# What you should do:
Please repeat exactly the lines below from the line with "Kate Spade Gold Glitter Keds" to the line with "Philly Supports Philly", including both, and leave out every picture.

*** Opening Data provided ***

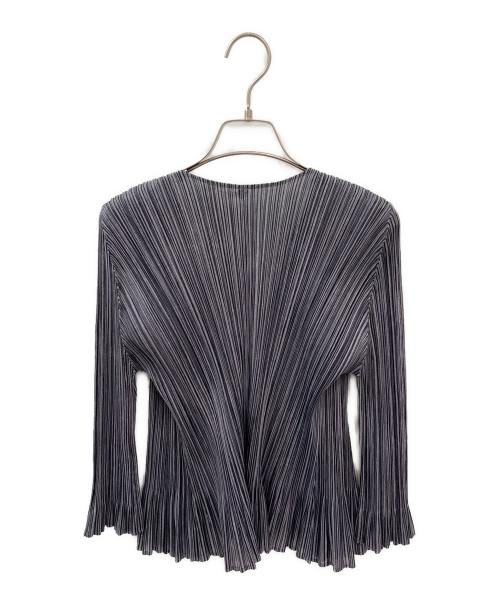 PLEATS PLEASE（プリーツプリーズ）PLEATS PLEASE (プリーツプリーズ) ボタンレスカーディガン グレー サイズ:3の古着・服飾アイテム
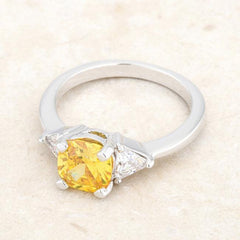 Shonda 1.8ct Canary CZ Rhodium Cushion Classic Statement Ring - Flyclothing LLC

*** Closing Data provided ***
*** Opening Data provided ***

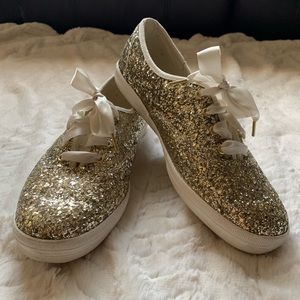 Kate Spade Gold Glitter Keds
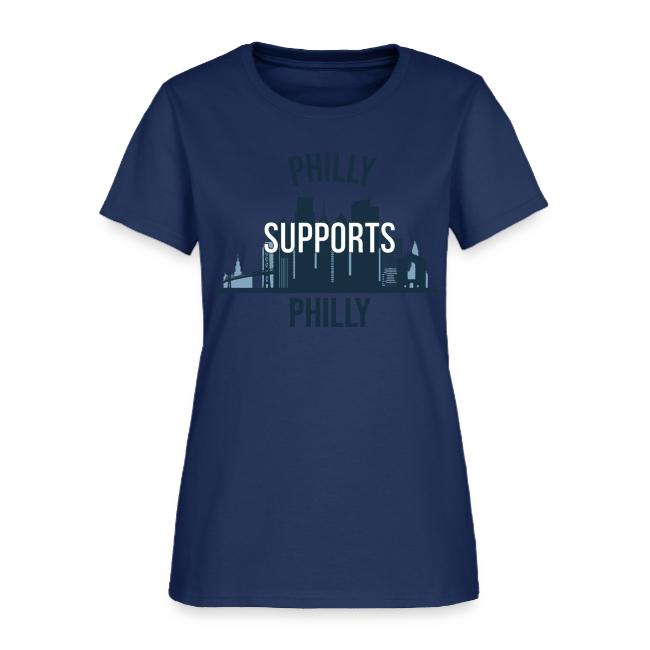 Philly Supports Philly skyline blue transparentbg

*** Closing Data provided ***
*** Opening Data provided ***

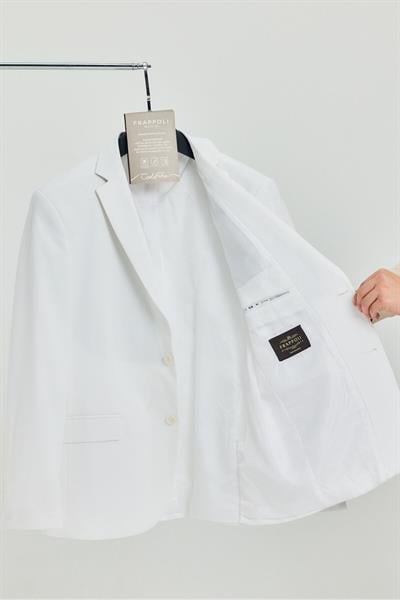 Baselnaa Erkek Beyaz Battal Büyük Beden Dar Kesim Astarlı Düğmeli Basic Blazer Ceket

*** Closing Data provided ***

# Answer below:
 Kate Spade Gold Glitter Keds
 Philly Supports Philly skyline blue transparentbg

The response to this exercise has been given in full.